I. God’s love.—There are two kinds of love, the love of compassion and the love of complacency or delight. Both may perhaps be included here, but specially the former; for the apostle is referring to that by which he and his brethren became what they were, children of God. God’s free love or grace must go first; it is the foundation, the alphabet of the gospel. It is free love to the sinner, as a sinner,—not as elect, or as penitent, or as converted, but as a sinner. ‘God so loved the world, that He gave His Son.’ ‘God commended His love.’ ‘Herein is love, not that we loved God, but that He loved us.’ The object, then, of this free love is simply man, the sinner; and the extent of this love is the widest circle of human unworthiness. The question of more or fewer objects is of no moment. Its range is to the uttermost,—to each sinner on this side of hell. It compasses the wide earth; it goes up to the very gates of the prison. It came down on the crucifiers of the Son of God; and on whom, then, will it not fall? It has plucked millions of brands from the burning, and can pluck millions more. The gift of the beloved Son is the expression, the manifestation of this love: ‘Hereby perceive we the love of God, that He laid down His life for us.’ How infinite the fountain, to pour forth such a stream! And in the love of Christ we read the love of the Father. It was reflected in Him. In every word and deed, he who saw and heard Him saw and heard the Father. No man who came into contact with Jesus could doubt His love. The law of love was in His heart and on His lips; He came from the bosom of the Father to show what was there. And this is God’s answer to any one who doubts His love, ‘I have given my Son.’ You say, I am the chief of sinners; still His answer is the same, ‘I have given my Son.’ This is His message of love to the chief of sinners.

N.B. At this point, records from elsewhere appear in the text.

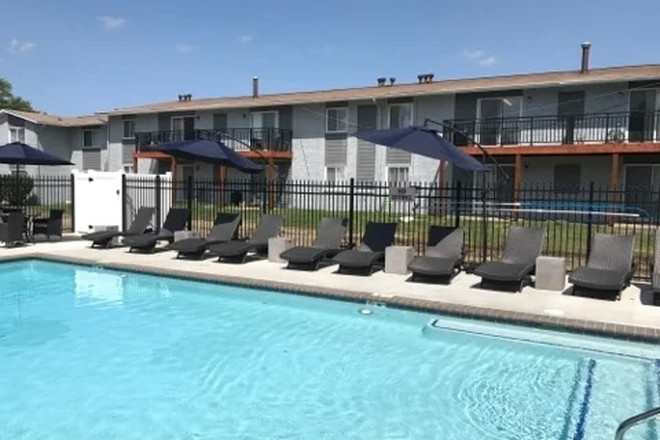 Pool - University Crossing Apartments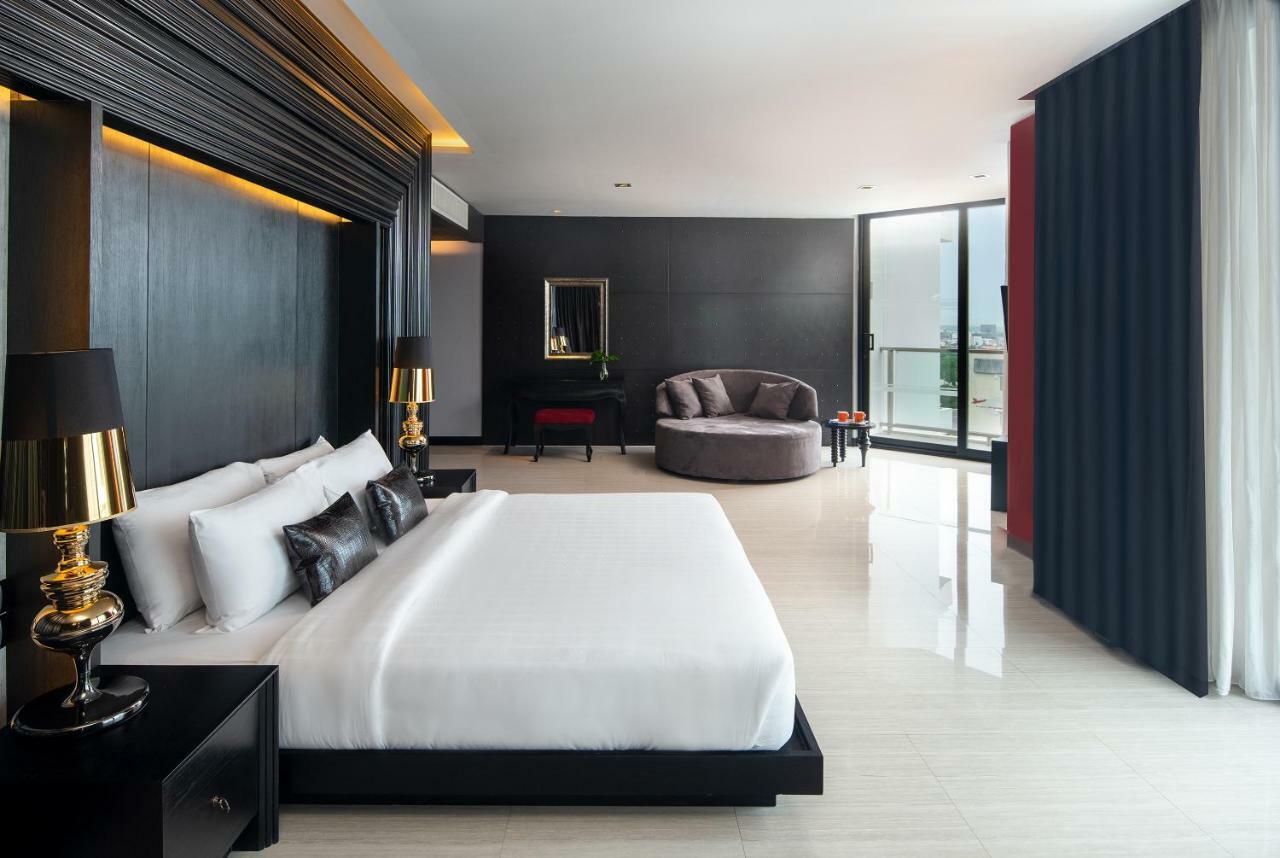 Tsix5 Quarter Hotel Патая Екстериор снимка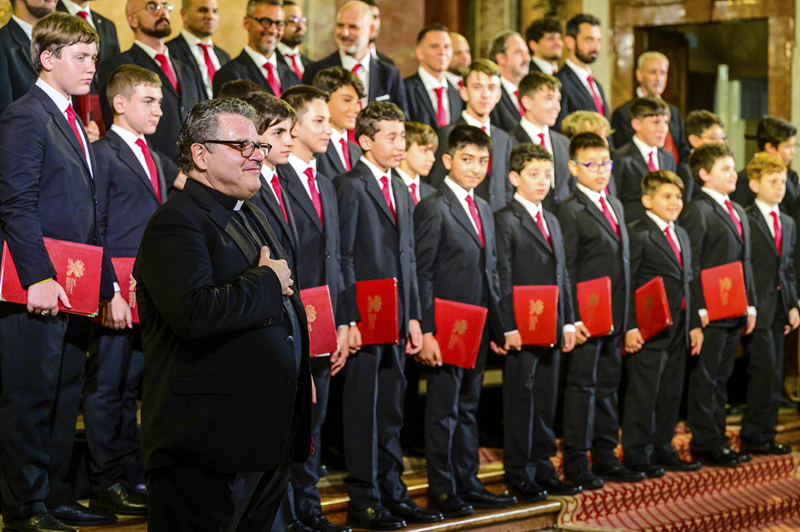Coro da Capela Sistina traz tradição papal a Curitiba com apresentação gratuita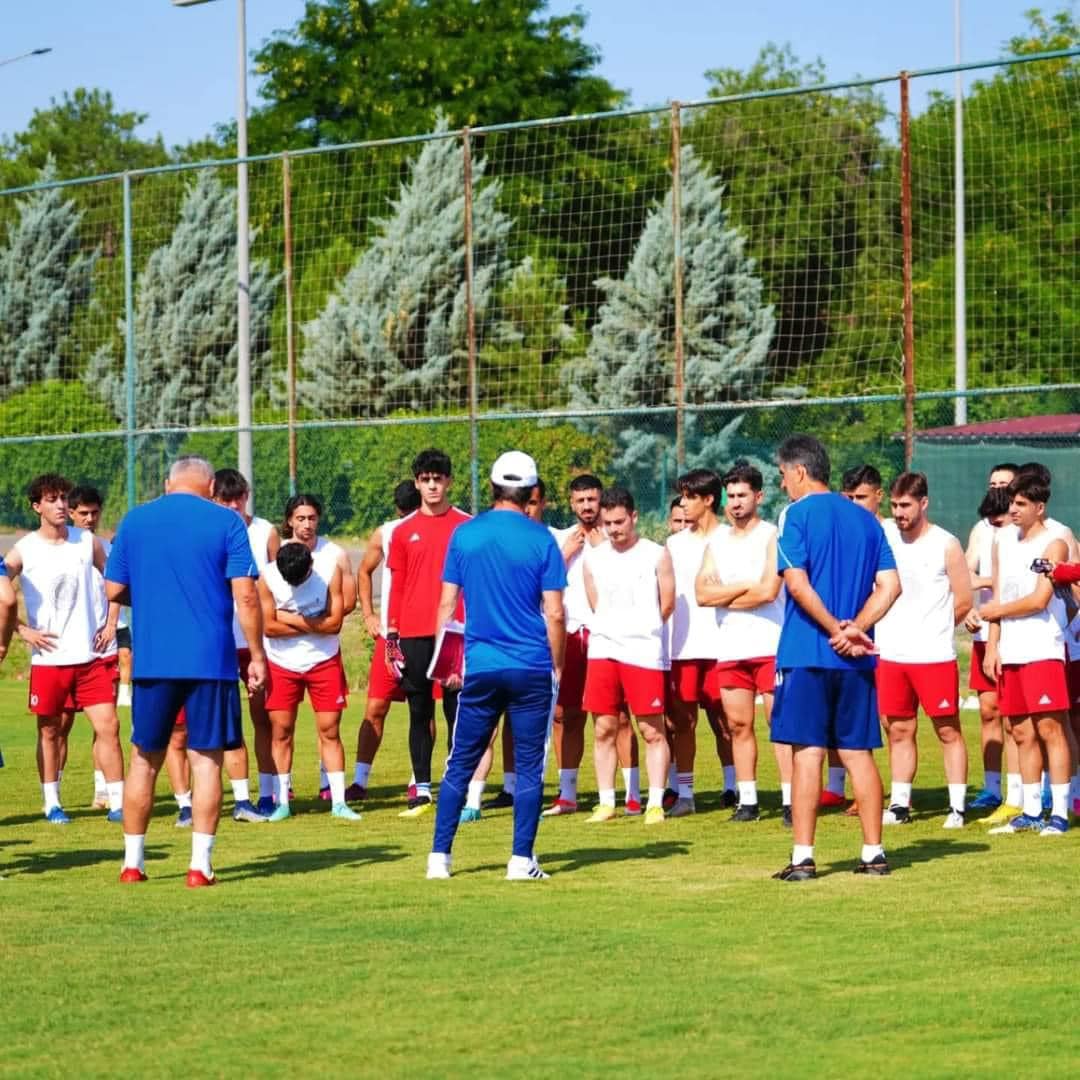 Batmanlı 25 genç Petrolspor kampına katıldı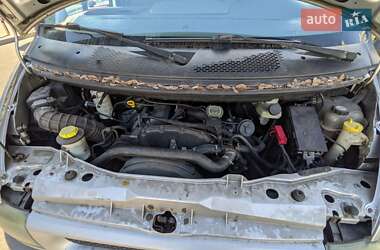 Вантажний фургон Ford Transit 2005 в 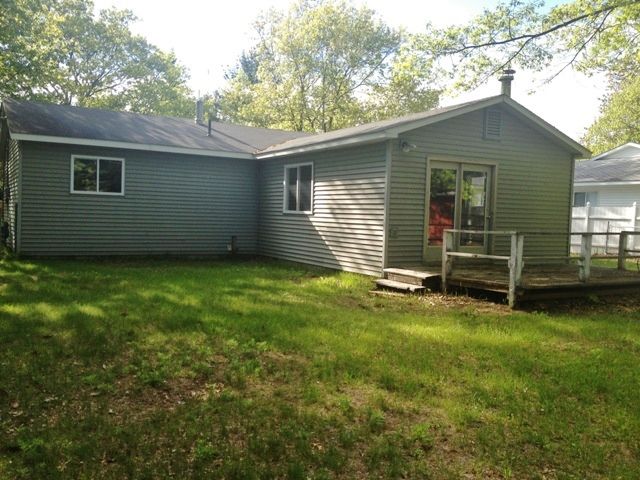 10615 Lake Ave, Ossineke, MI 49766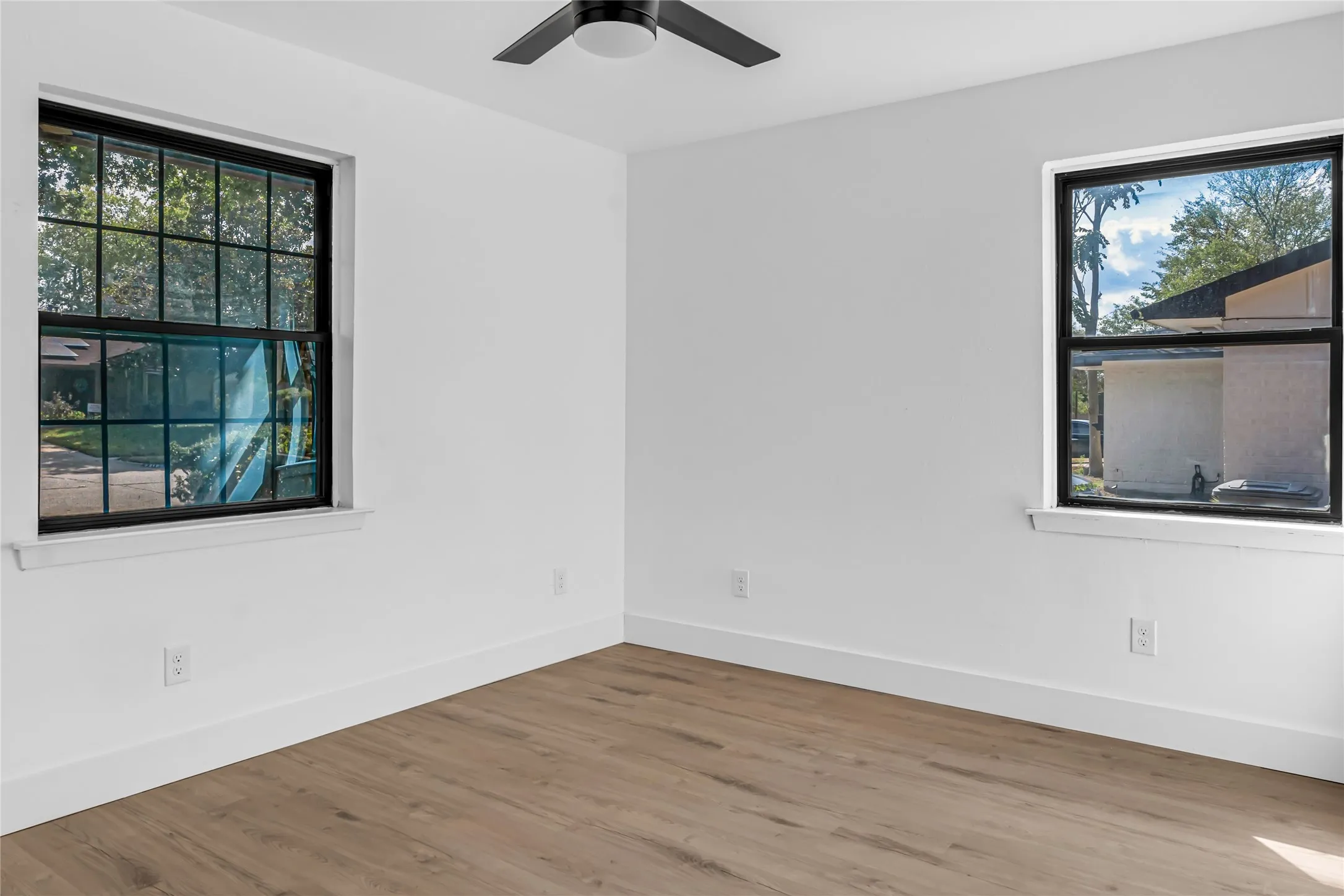 Single Family Residence For Sale in Dallas County , 7207 Greenspan Avenue, Dallas, Texas 75232, 3 Bedroom, 2 Bathroom, Garage spaces, 1,650 Sqft, built in 1958, mls#21351249, Real Estate Agent in Dallas, Homes For Sale in Dallas county, Homes For Sale in Dallas, Realtor in Dallas Texas, Real Estate Brokerage Independent Realty Texas, Luminita Cordes Realtor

II. Our knowledge of this love.—The record is given, yet it is not every one that knows it; it is true, yet it is not every one that believes it. They who know and believe it are few. But there are some who do so, and it is in their name that the apostle speaks. The love is free, sure, fully published. It is not to be bought, or deserved, or waited for; it is simply to be known and believed. For the things contained in this gospel of the free love, are such that they flow into us immediately in knowing and believing. There are cases in which good news may merely point to blessing, and tell of the possibility of obtaining it by exertion or purchase. Not so here. The good news are such that the simple knowledge of them is itself the blessing. That there are blessings after, or following upon this knowledge, is true; but the primary blessing is in knowing and believing. ‘Blessed are the people that know the joyful sound.’ It is out of this free love that we extract the peace which we need, our strength, our health. This love is everything to the soul; and he who has it shall abide satisfied. To know it is life.
This is the history of a Christian man. It is all that he can tell about himself: he has known and believed the love. He has nothing good to say for himself.
This is the line of separation between him and the world. They know not this love; he knows it. A small difference, a slender line, some would think; yet real, and deep, and broad. All on one side of it, darkness; all on the other, light.
This is the ground of his hope. He has known the love, and rests on it. It is shed abroad in his heart, and gives him the hope which maketh not ashamed.
This is the secret of his sanctification, the knowledge of God’s love. For it is holy love as well as free; and he who knows it knows what is best fitted to make him a holy man.
This is our defence against adversaries, and our consolation under the world’s hatred. Let who will hate, revile, persecute, we are in possession of a love which is more than a compensation for all.